The victory left the Saints (6-7) one game behind Minnesota (7-6) in the race for the final wild-card spot. New Orleans, Washington, Arizona and Detroit are all tied, but the Saints would win a tiebreaker with each of the other clubs.
"It was a good team effort and a good win," Payton said. "I'm proud of the guys, we fought back (after the loss to the Bucs) and played a good game tonight."
--Saints running back Reggie Bush, who was inactive for Monday night's game with the Atlanta Falcons because of a torn posterior cruciate ligament in his left knee, was examined earlier in the day by orthopedist Dr. James Andrews in Birmingham, Ala.
Saints General Manager Mickey Loomis said he had no update on Bush and would not know about his availability for the final three games of the season until speaking with Andrews on Tuesday morning.
Bush arrived in Atlanta about five hours before the game. He emerged from the tunnel that led to the Saints' locker room just before kickoff dressed in a black T-shirt and black warmup pants and jogged across the field to the team's sideline.
--The Saints were forced to make a late lineup change for the game with the Falcons when free safety Josh Bullocks injured a quadriceps muscle during pregame warmups.
Bullocks was inactive for the game and was replaced in the lineup by seven-year veteran Kevin Kaesviharn, who recently made a strong push to get more playing time at strong safety.
The injury ended a streak of 41 straight starts for Bullocks, a second-round draft pick in 2005. He replaced Jay Bellamy in Week 4 of his rookie season and had started every game until Monday night.
--Saints quarterback Drew Brees joined the 20,000-yard passing club late in the first quarter of the Saints' 34-14 win over the Falcons.
Brees, who went into Monday night's game with 19,942 career yards, eclipsed the 20,000-yard mark on his seventh completion of the evening -- a 36-yard toss to tight end Billy Miller.
Brees went on to throw for 328 yards against the Falcons and now has 20,278 yards for his seven-year NFL career. He has 7,922 yards since coming to the Saints in 2006.
--Wide receiver Marques Colston posted a single-season career high in receptions while catching nine balls for 92 yards and two scores.

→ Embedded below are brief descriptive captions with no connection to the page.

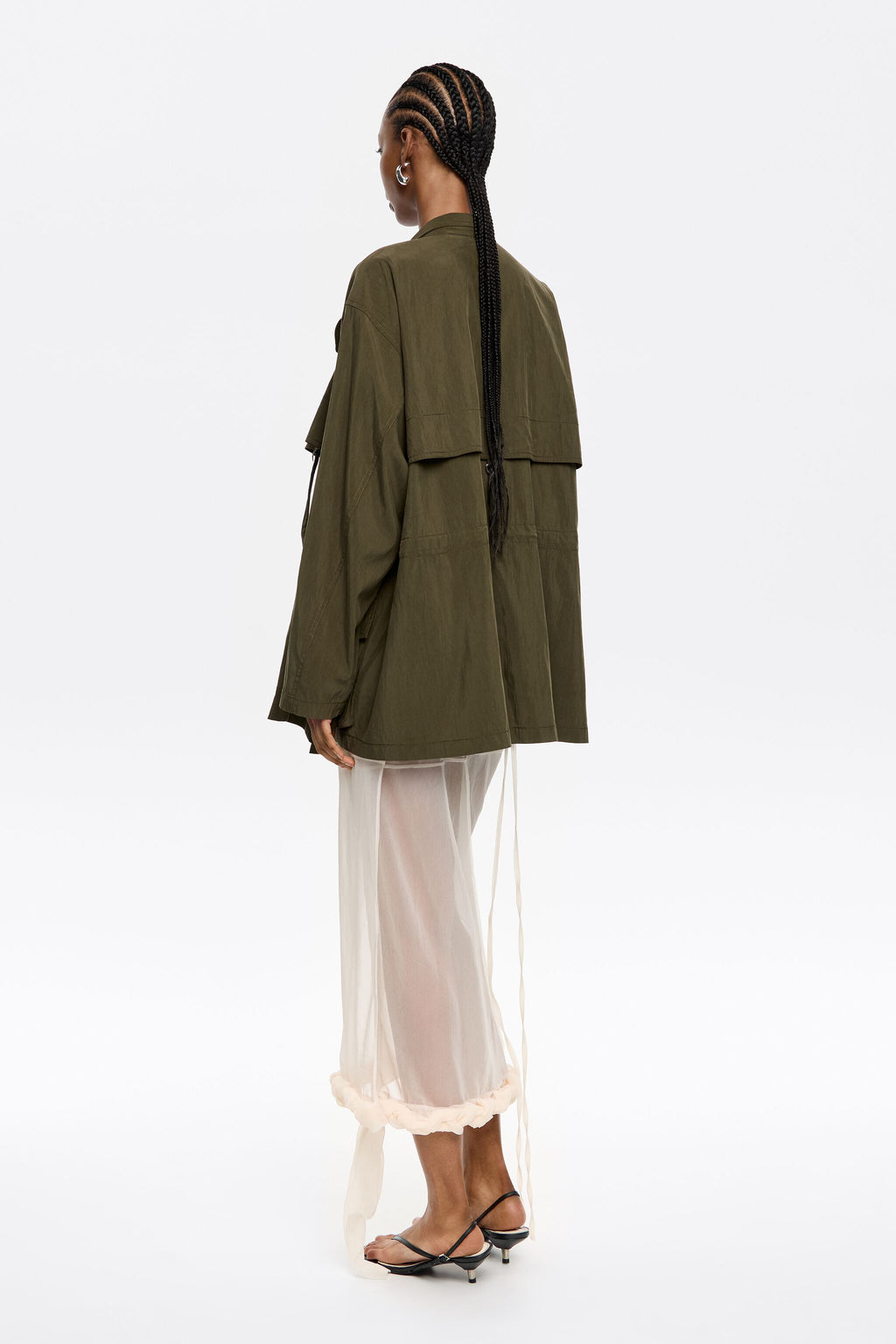 Dark khaki fluid double-breasted jacket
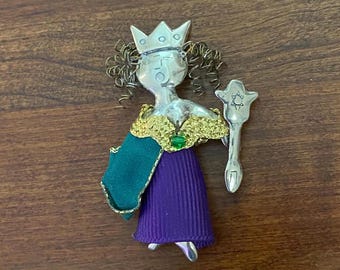 Vintage Sterling Silver "Queen Esther" Pin Pendant: Judaic Art Brooch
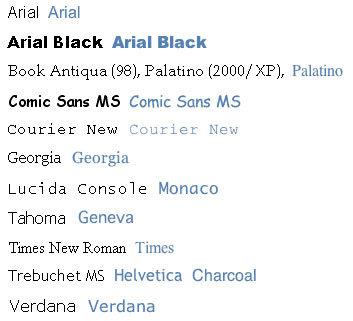 List of 
browser safe fonts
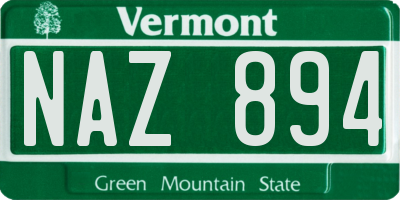 VT license plate NAZ894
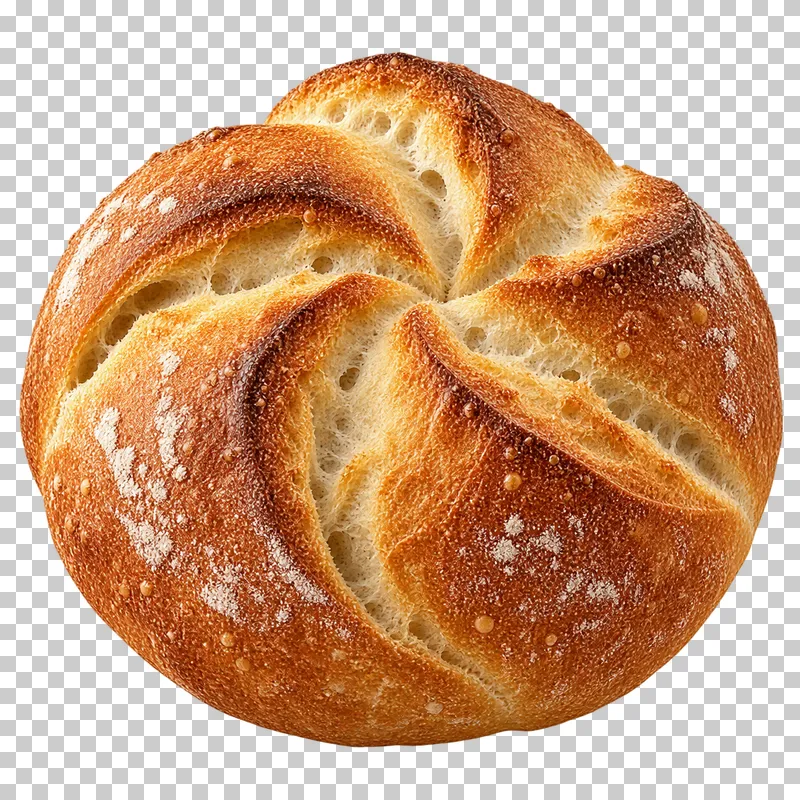 A round kaiser roll with five curved pinwheel sections.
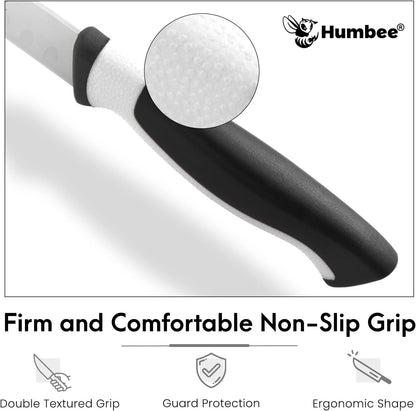 8-Inch Chef Carving Knife with Granton Edge for Slicing Turkey Ham and Meat | NSF Certified | German Stainless Steel Blade | Dishwasher Safe Ergonomic Handle, DT-21 Series, Black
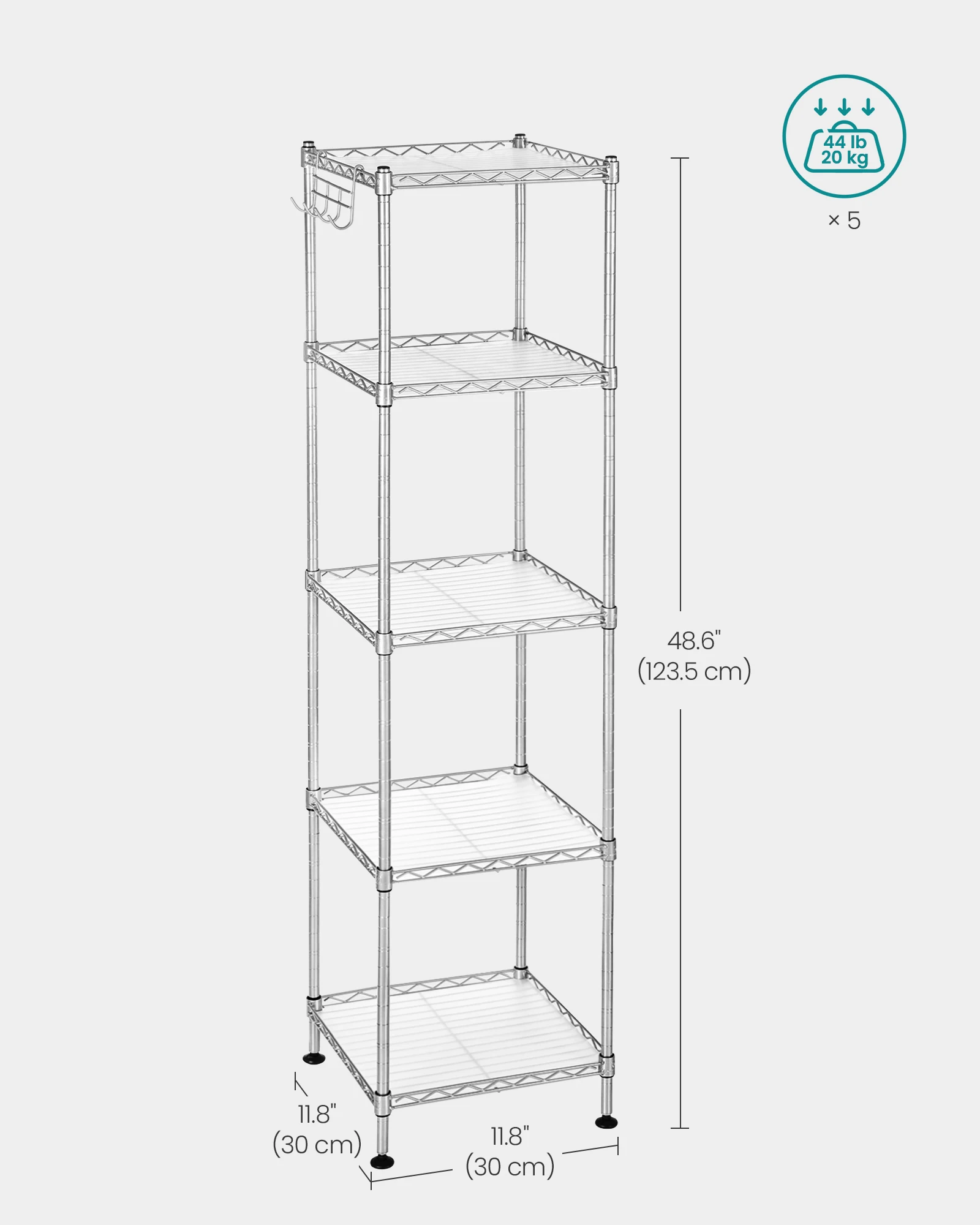 SONGMICS 5-Tier Bathroom Shelf, Storage Rack for Small Space, with 5 PP Shelf Liners, Removable Hook, Extendable Design 6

His first catch of the night to start the Saints' third drive was his 71st this season -- which surpassed his total of 70 receptions last year as a rookie.
--Cornerback Mike McKenzie, who normally plays only on the left side, moved to the right side in the first period to cover Falcons wide receiver Roddy White. He later beat McKenzie for a 33-yard TD catch.
--FS Josh Bullocks was a late scratch after injuring a quadriceps muscle during pre-game warmups Monday night.
--FS Kevin Kaesviharn made his first start at safety for the Saints in filling in for an injured Josh Bullocks.
--TE Eric Johnson injured his groin while making a 13-yard catch late in the second quarter and sat out the second half.
--K Olindo Mare was helped off the field with a hip or leg injury, which occurred when he made a tackle on a kickoff with less than three minutes remaining in the game.
--RB Pierre Thomas returned Monday night after missing last week's game with Tampa Bay because of a bruised kidney.
--RB Jamaal Branch was signed from the practice squad to provide depth in the backfield because Reggie Bush was inactive with a knee injury.
--S Jay Bellamy was released to open a roster spot for Branch.